REQUIREMENT ▸ Reproduce the lines below exactly. Skip images.

GIVEN DATA ▸
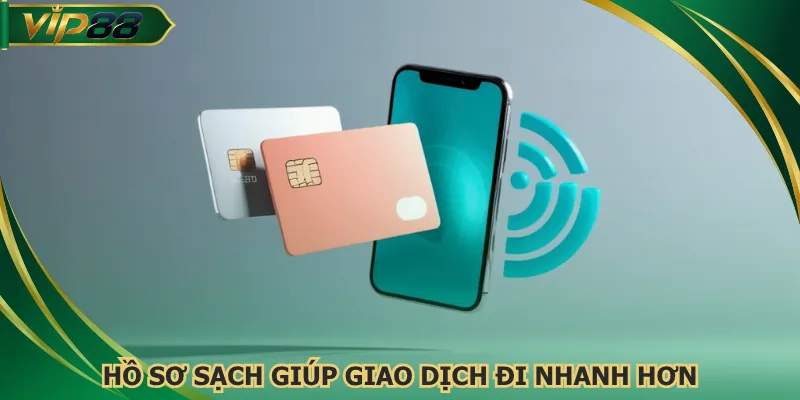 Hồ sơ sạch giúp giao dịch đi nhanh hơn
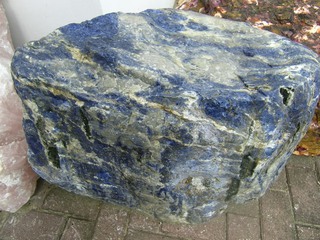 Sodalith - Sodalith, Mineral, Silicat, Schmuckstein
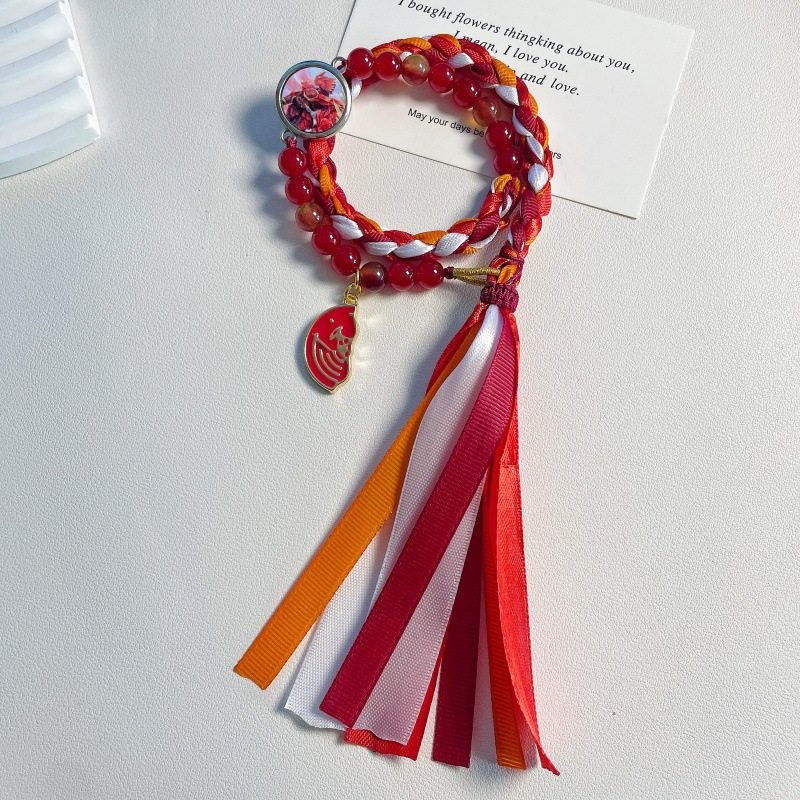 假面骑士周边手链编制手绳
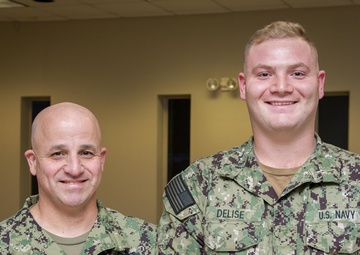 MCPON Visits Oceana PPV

ANSWER SECTION ▸
 Hồ sơ sạch giúp giao dịch đi nhanh hơn
 Sodalith - Sodalith, Mineral, Silicat, Schmuckstein
 假面骑士周边手链编制手绳
 MCPON Visits Oceana PPV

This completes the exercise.